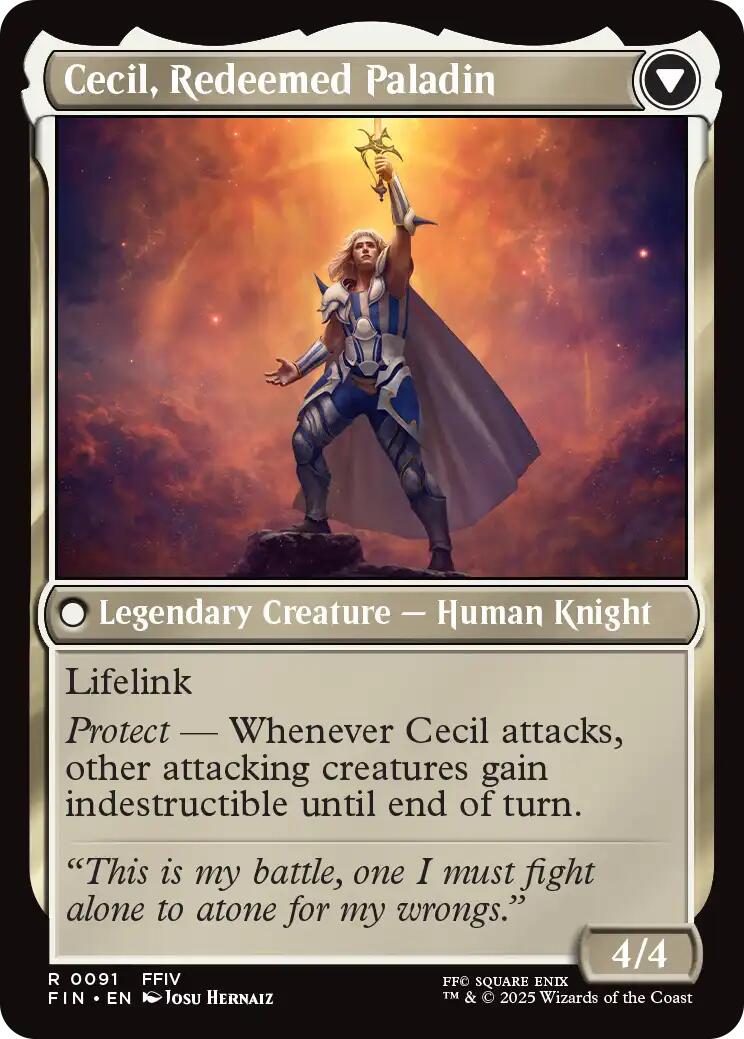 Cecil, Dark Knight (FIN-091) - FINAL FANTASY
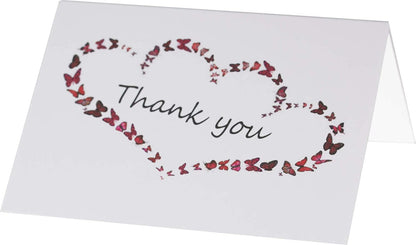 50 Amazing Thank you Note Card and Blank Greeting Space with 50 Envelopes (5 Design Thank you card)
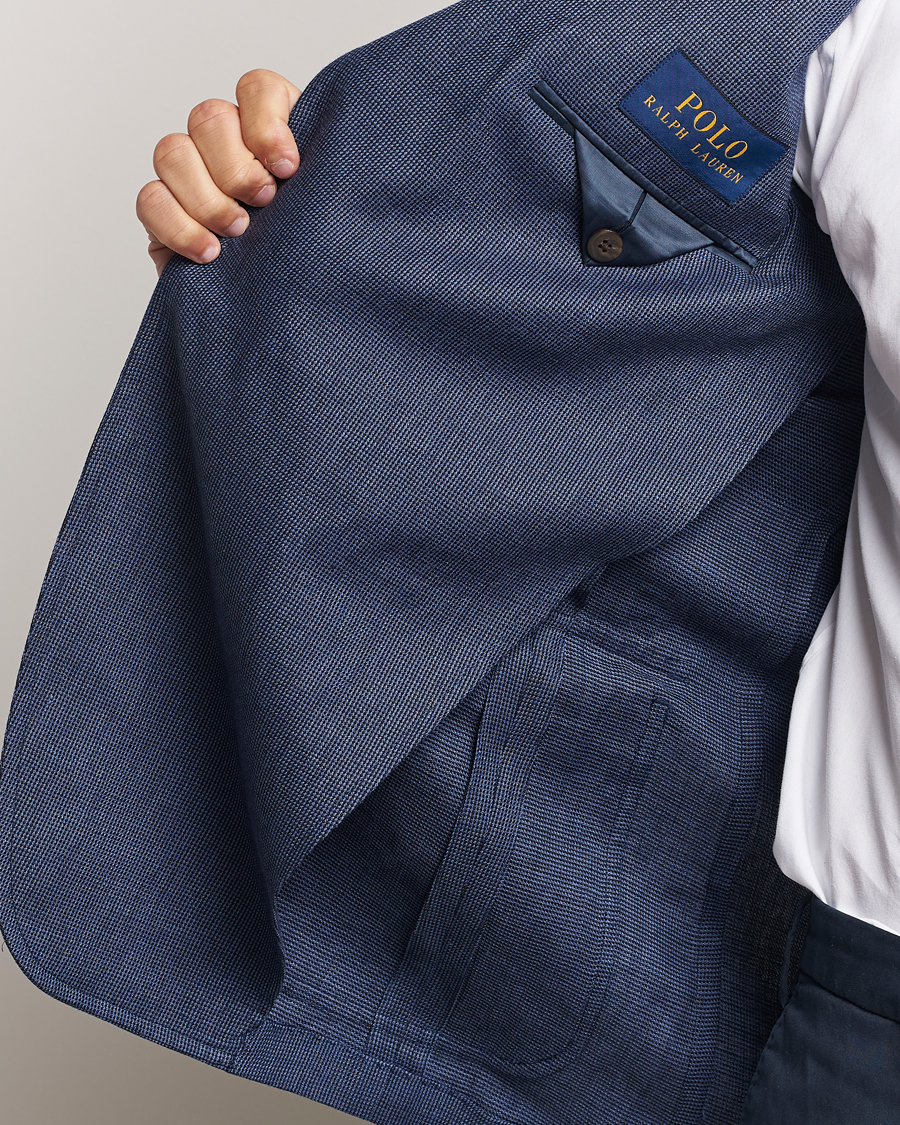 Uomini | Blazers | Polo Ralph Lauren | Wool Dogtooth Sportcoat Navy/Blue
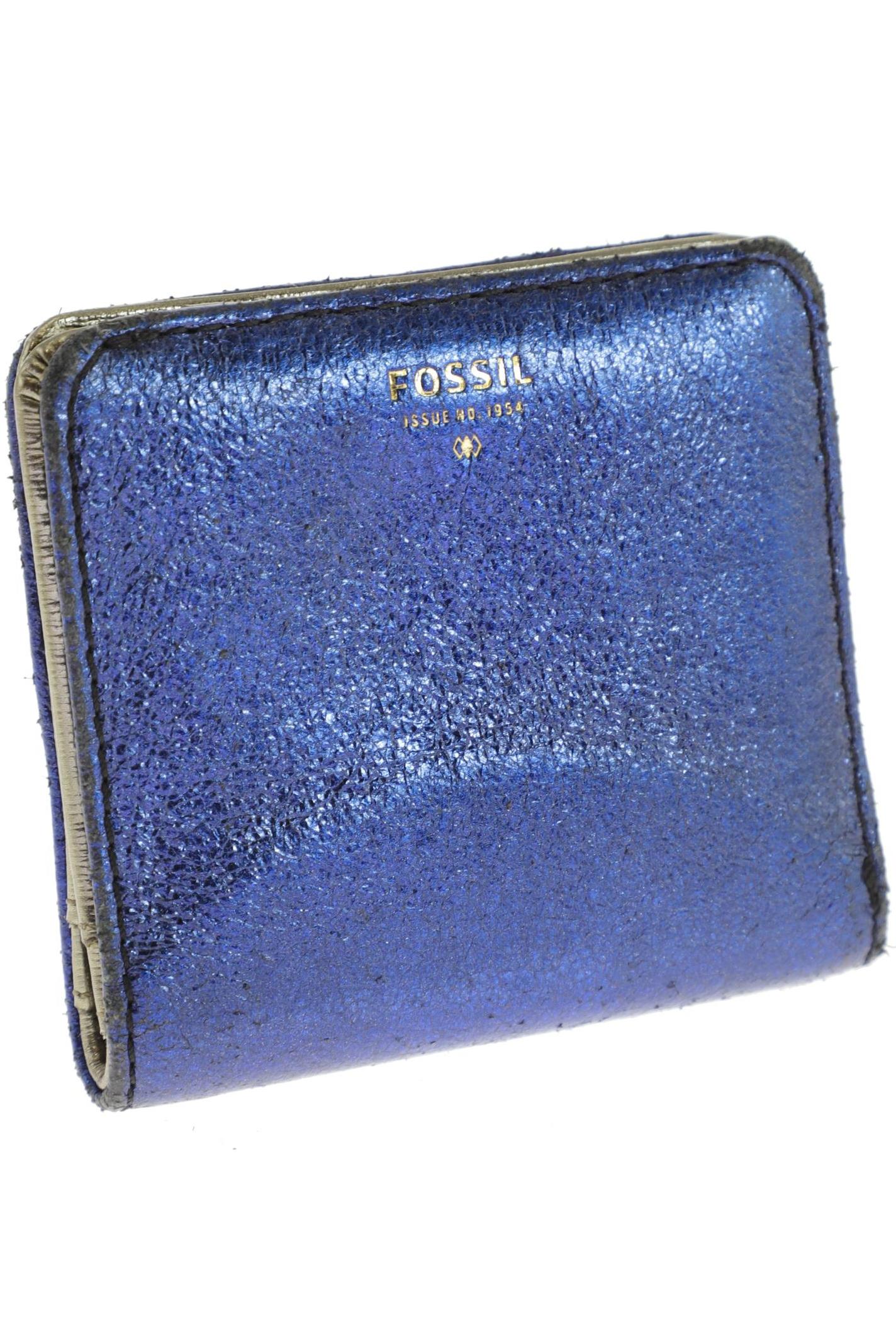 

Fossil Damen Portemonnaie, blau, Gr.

• • • •

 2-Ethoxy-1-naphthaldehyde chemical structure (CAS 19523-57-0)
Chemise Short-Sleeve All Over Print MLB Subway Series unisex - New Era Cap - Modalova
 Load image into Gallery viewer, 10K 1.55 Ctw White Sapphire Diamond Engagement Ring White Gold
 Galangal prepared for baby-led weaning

• • • •

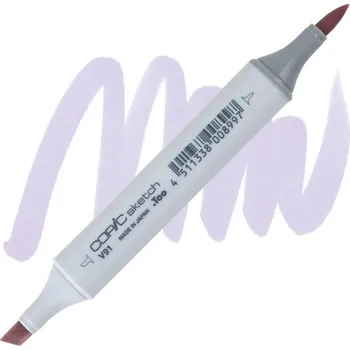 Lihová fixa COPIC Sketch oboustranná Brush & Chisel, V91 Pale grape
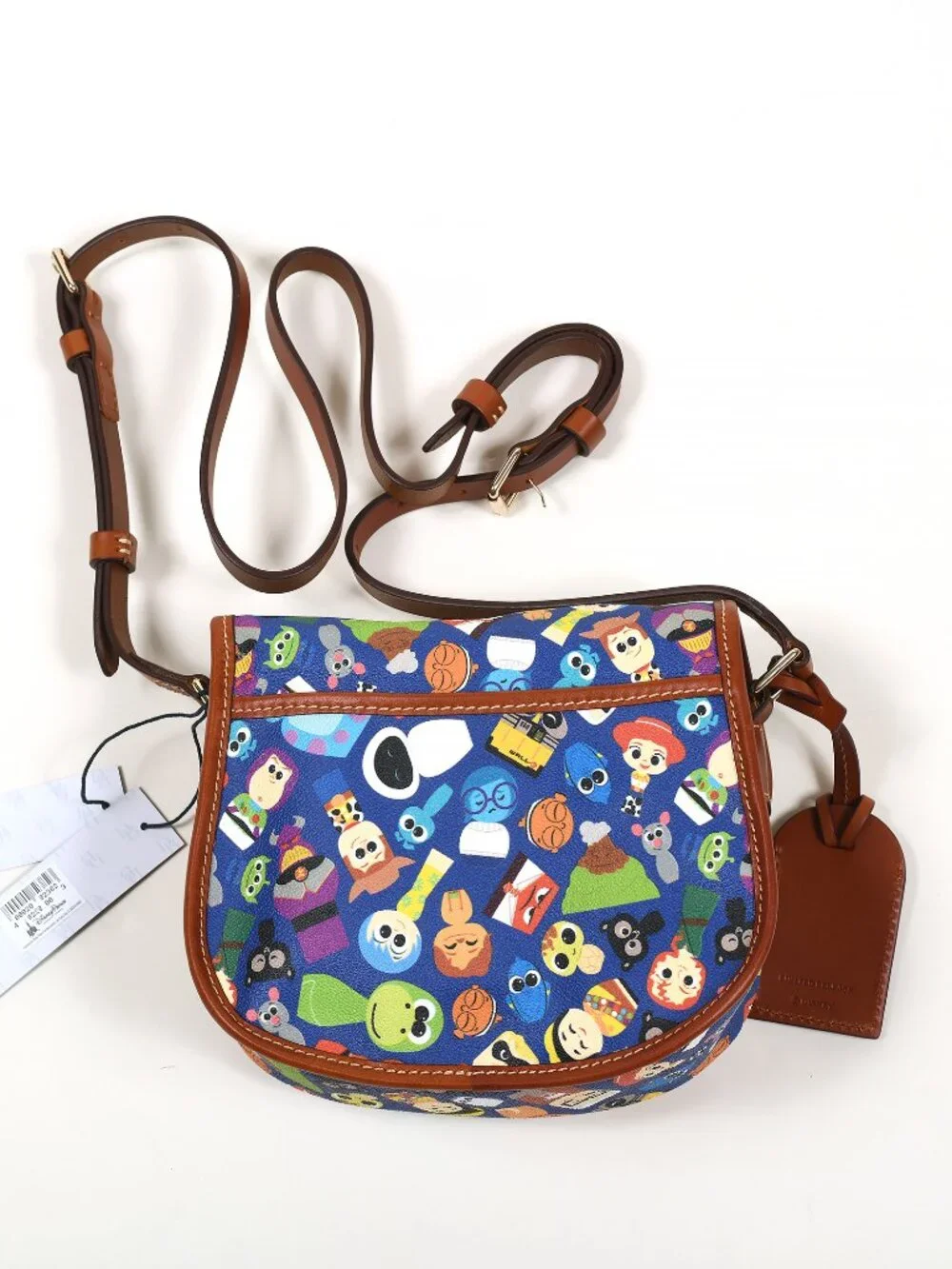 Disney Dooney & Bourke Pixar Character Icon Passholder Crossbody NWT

• • • •

Task objective: In the listing above, find the line containing "50 Amazing Thank" and the line containing "Fossil Damen Portemonnaie, blau, Gr.". Reproduce those lines and all between them exactly, with no pictures and nothing more.

Solution to the exercise:
 50 Amazing Thank you Note Card and Blank Greeting Space with 50 Envelopes (5 Design Thank you card)
 Uomini | Blazers | Polo Ralph Lauren | Wool Dogtooth Sportcoat Navy/Blue

Fossil Damen Portemonnaie, blau, Gr.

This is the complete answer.